*DATA EXTRACT*
== Segment start ==
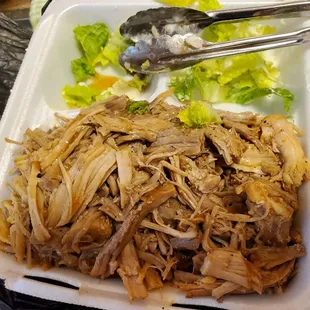 Roast pork with gravy and missing fresh green salad - it was a huge serving!  Had the salad for my lunch too! Lol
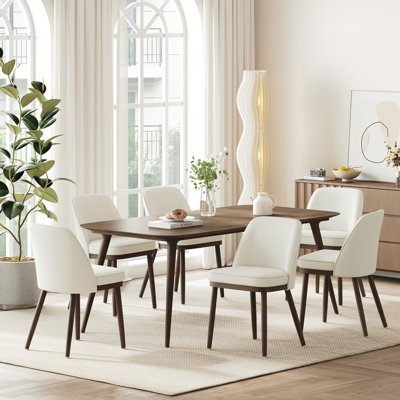 Modern Upholstered Dining Chair with Curved Back and Solid Wood Legs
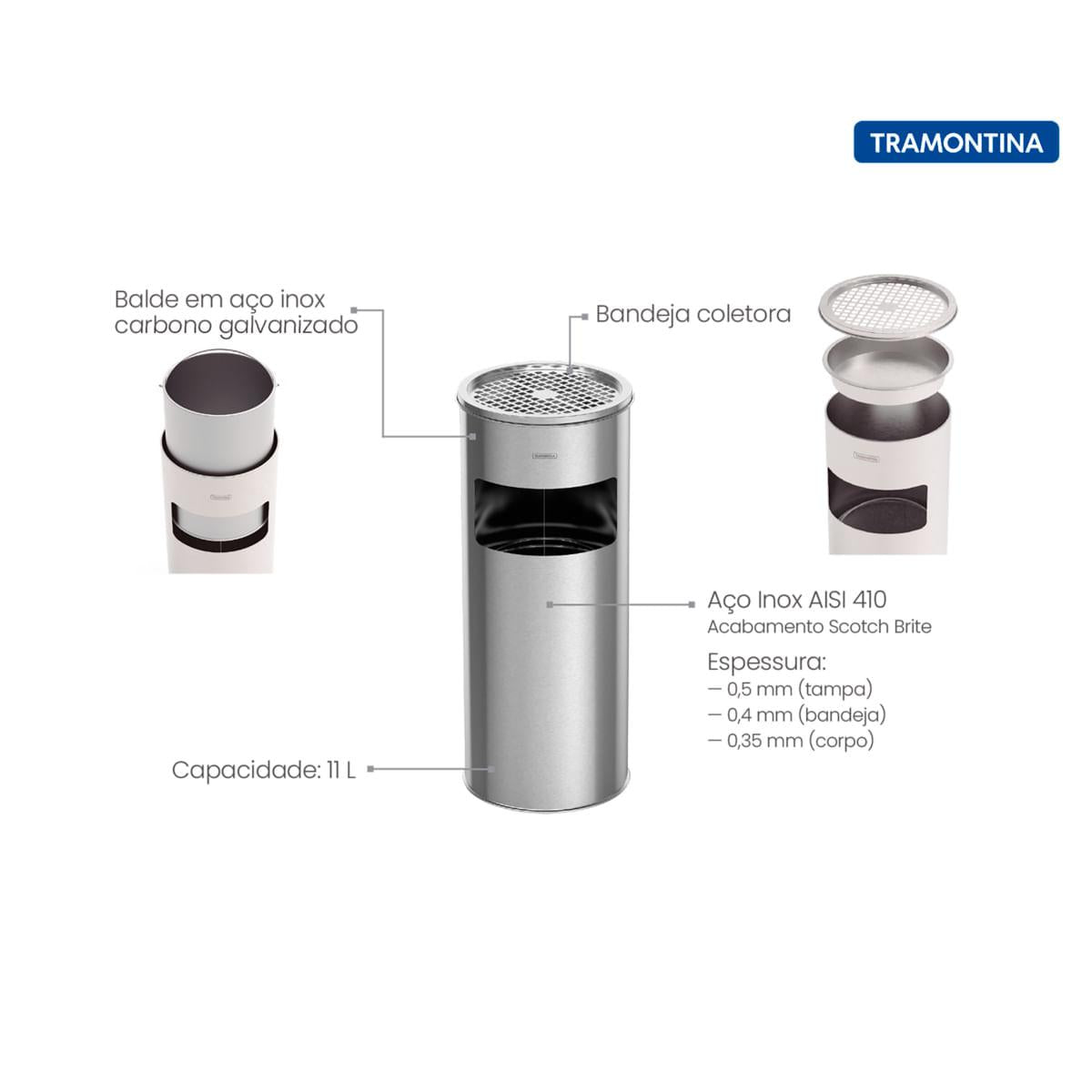 Lixeira Cinzeiro Inox Tramontina Liguria Scotch Brite 11 L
== Segment end ==
*WHAT YOU ARE ASKED TO DO*
Output the data exactly as it is, with the pictures dropped.

*WRITTEN RESPONSE*
 Roast pork with gravy and missing fresh green salad - it was a huge serving!  Had the salad for my lunch too! Lol
 Modern Upholstered Dining Chair with Curved Back and Solid Wood Legs
 Lixeira Cinzeiro Inox Tramontina Liguria Scotch Brite 11 L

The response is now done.